The 64th JSAP Spring Meeting, 2017

Presentation information

Oral presentation

12 Organic Molecules and Bioelectronics » 12.6 Nanobiotechnology

[17a-F206-1~12] 12.6 Nanobiotechnology

Fri. Mar 17, 2017 9:00 AM - 12:15 PM F206 (F206)

Ryugo Tero(Toyohashi Univ. of Tech.), Tomohiro Hayashi(Titech)

11:00 AM - 11:15 AM

[17a-F206-8] Automated analyses and knowledge derivations of fragment molecular orbital calculations

Yuji Mochizuki1,2, Yuto Komeiji3, Mayu Fujimoto1, Sona Saitou1, Jun Iijima1, Hideo Doi1, Tsuyoshi Iyama1, Akira Okusawa4, Takeshi Makimura4, Takaya Nakanishi4, Kaori Fukuzawa5, Shigenori Tanaka6 (1.Rikkyo Univ., 2.Univ. Tokyo, 3.AIST, 4.Knowledge Communication Co Ltd, 5.Hoshi Univ., 6.Kobe Univ.)

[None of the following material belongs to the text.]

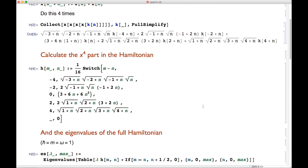That's exactly what we're going to implement next, and it's also implemented in all the other codes. We define a function that calculates the matrix elements — in this case the matrix elements of x⁴/4, so we multiply by 1/16. Based on the value of n minus m, which can be -4, -2, 0, 2, or 4, we plug in exactly those terms we had before. If it's not one of those five values, the answer is zero.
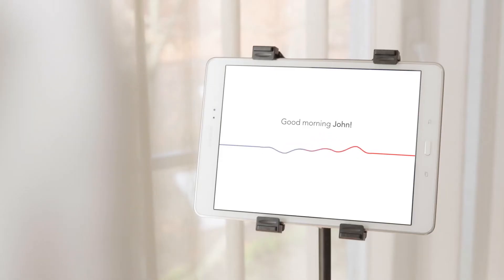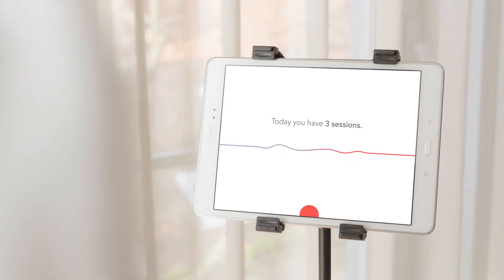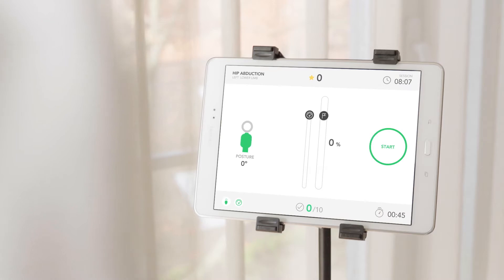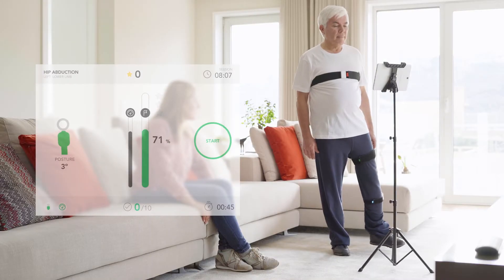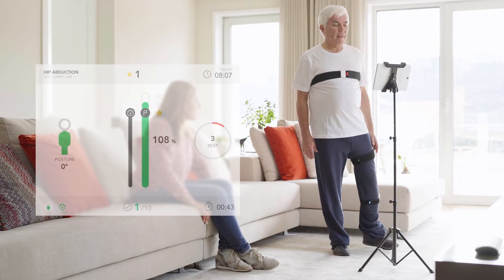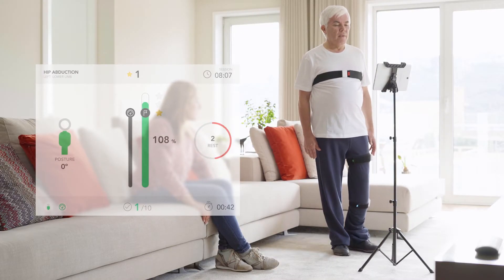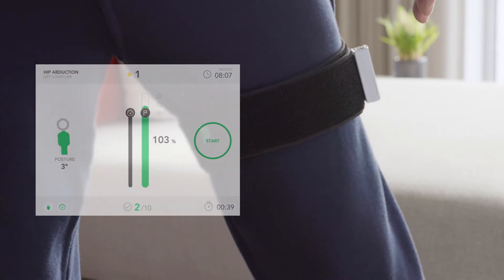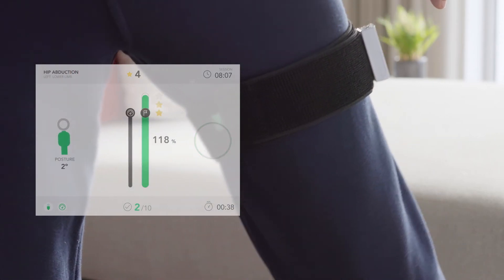Good morning, John. Today you have three sessions. And because everything happens at home, the patient is free to do his sessions whenever he wants, using small motion trackers to analyze each and every move.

Keywords:Fragment Molecular Orbital (FMO) calculations, Machine Learning

The inter-fragment interaction energies (IFIEs) are of the most useful quantity to grasp the nature of interactions among amino acid residues in the target protein calculated by the fragment molecular orbital (FMO) method. When the number of sample structure grows, the manual understanding of IFIE should become hard. Thus, we have been developing the machine learning-assisted automatic characterization with the MS Azure environment. Furthermore, Google’s TensorFlow as a representative deep-learning tool has been used to analyze the IFIE-map which is a two-dimensional visualization of IFIE values. In this presentation, we will present a summary of these researches and address the future directions.